The husband-and-wife duo said they have come a long way to get to where they are today. Steve got his start in 2009 driving around Decatur selling his tamales out of a Ford pickup truck with hand-painted signs on its sides.

In spring 2010 the couple had a chance to participate in the Grapevine Farmers Market. Since then they have had a solid six seasons of serving repeat and new customers alike.

JoAnn said because of the demand after their first season at the market they opened up a store in Colleyville on a short-term lease. Once the five-month lease was up, their “grab-and-go” location relocated to 708 W. Northwest Hwy., Grapevine.

The location will celebrate five years in business this year.

Their second location, which opened in October at 1689 W. Northwest Hwy., Grapevine, is a sit-down, fast-casual restaurant.

“We want to try and create a [place] where people can come and hang out and aren’t necessarily rushed,” Steve said.

Steve said a key to having a thriving business is customer service, which is why a customer will always be greeted with a friendly face and warm smile.

Diners may bring their own beer and try menu items including a tamale plate ($6-$8) served with one’s choice of two to four tamales with a side of Spanish rice and refried beans. Also available is a Tommy Bowl ($8) consisting of Spanish rice blended with homemade queso, layered with all-beef Texas chili and served with  two tamales of one’s choice as well as  topped with a shredded five-cheese blend and homemade pico de gallo.

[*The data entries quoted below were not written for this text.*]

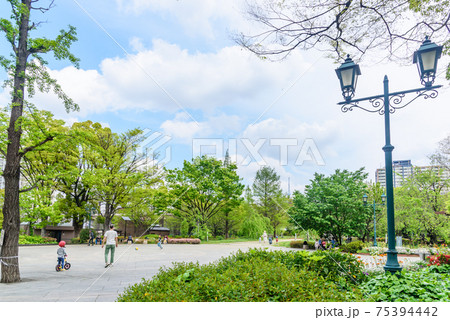 公園の風景　新緑が爽やかな浜町公園の広場　東京都中央区 75394442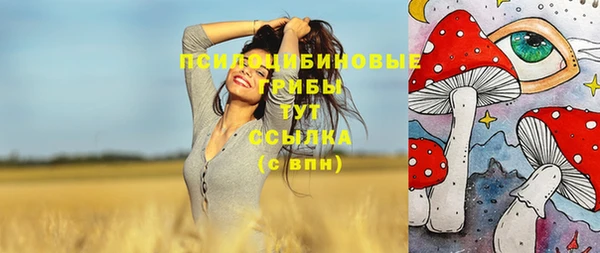 ешки Гусь-Хрустальный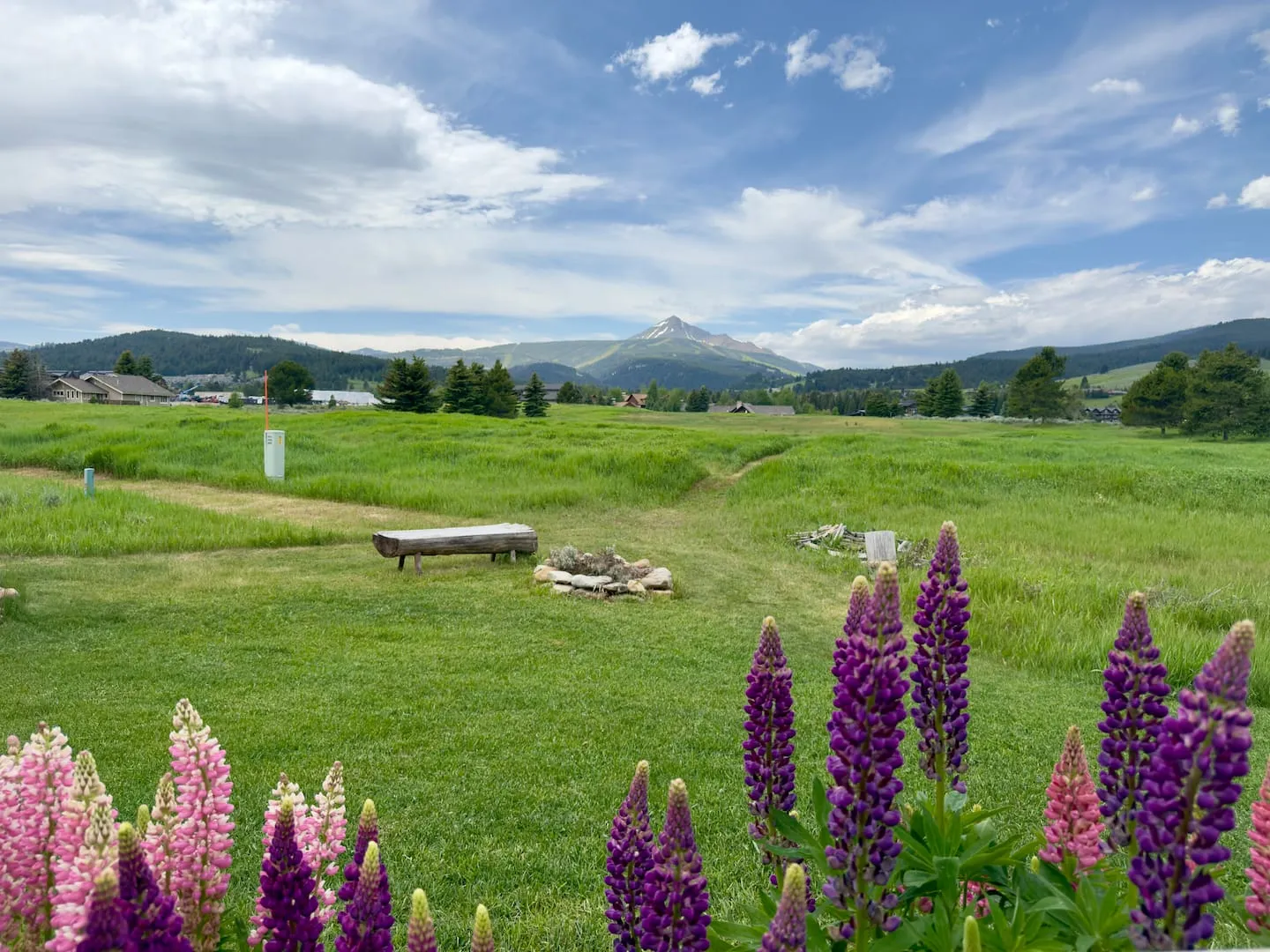 Yellowtail, Big Sky, Montana: photo 26 of 31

If dining in is not an option, Steve said he has 17 varieties of tamales and an ever-growing list of salsas for to-go customers to purchase.

All of the tamales, he said, are lard-free and gluten-free to meet dietary restrictions. There is even a vegan option, he said.

For now, the 4-month-old location is open for lunch and dinner, but breakfast is soon to be included on the menu, the Barkers said.

Steve said the restaurant also offers catering and fundraising options to help the community.

“We are always working on something new,” Steve said. “Our goal is to have Tommy Tamale be a household name.”